How one company’s plans to make a green computer caused a headache for the recyclers.When the computer company Dell wanted to “go green” it alighted on “bamboo” as a neat environmentally friendly material. Had Dell stuck to what it called" “Nature’s Eco-friendly Packaging Solution” for the boxes that keep hardware safe during transit there might have been no complaints. After all, as it proclaimed, you can just “Toss that Bamboo Packaging into the Compost Pile”.
Unfortunately, the company’s designers didn’t stop there. In 2008, they launched what Dell called an “eco computer”, with a case made out of a bamboo based material that looks and behaves just like the ABS polymers used in other computers. You can’t just add that to your vegetable waste and throw it on the compost heap.
Nat Hunter, co-director for Design at the RSA (the Royal Society for the encouragement of Arts, Manufactures and Commerce), tells of going to a recycling plant in Kent. The plant takes old PCs and subjects them to “big rock crushers” – a wrecking ball – to reduce the obsolete computers to piles of rubble, a materials mine.
The waste then goes through sorting line to separate out the different materials for recycling. Unfortunately, Hunter explained at a recent meeting, the sorting system cannot tell the difference between the bamboo plastic and ordinary ABS plastic and shoves it into the same receptacle, thus polluting the real polymer waste.
As Hunter says, the bamboo PC completely failed in its attempts to be ‘eco friendly’. You buy it as a green computer but it ends up being "very problematic" for the recycling industry.
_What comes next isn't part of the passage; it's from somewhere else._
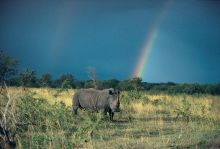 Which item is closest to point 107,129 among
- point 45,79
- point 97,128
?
point 97,128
Hunter was talking about Dell’s foray into panda territory at a meeting put on by, among others, the Parliamentary Office of Science and Technology (POST). The meeting, back in January, marked publication of a POST Note Maximising the Value of Recycled Materials. Much of the event – more details here in a piece I wrote for the Materials Research Society in the USA – dealt with the business of recycling plastic, which often entails sorting a pile of mixed polymers, an increasingly sophisticated task made more difficult if the mixture harbours a polymer that masquerades as something else.
Hunter, who is a part of the team behind The Great Recovery – Redesigning the future, a project funded by the Technology Strategy Board, tackled a broader theme, designing manufactured goods to be green from the start. She takes the line that “waste really is a design flaw”.
Designers need to put a lot more effort into thinking about the fate of their products. Dell isn’t the only electronics company in her sights. Hunter, who has spent time watching the recyclers in action, also tells the tale of TVs from Philips that comes with 300 screws holding it together, “all of them different”. By contrast, Samsung makes TVs with half as many screws, all of them the same. Much easier to dismantle.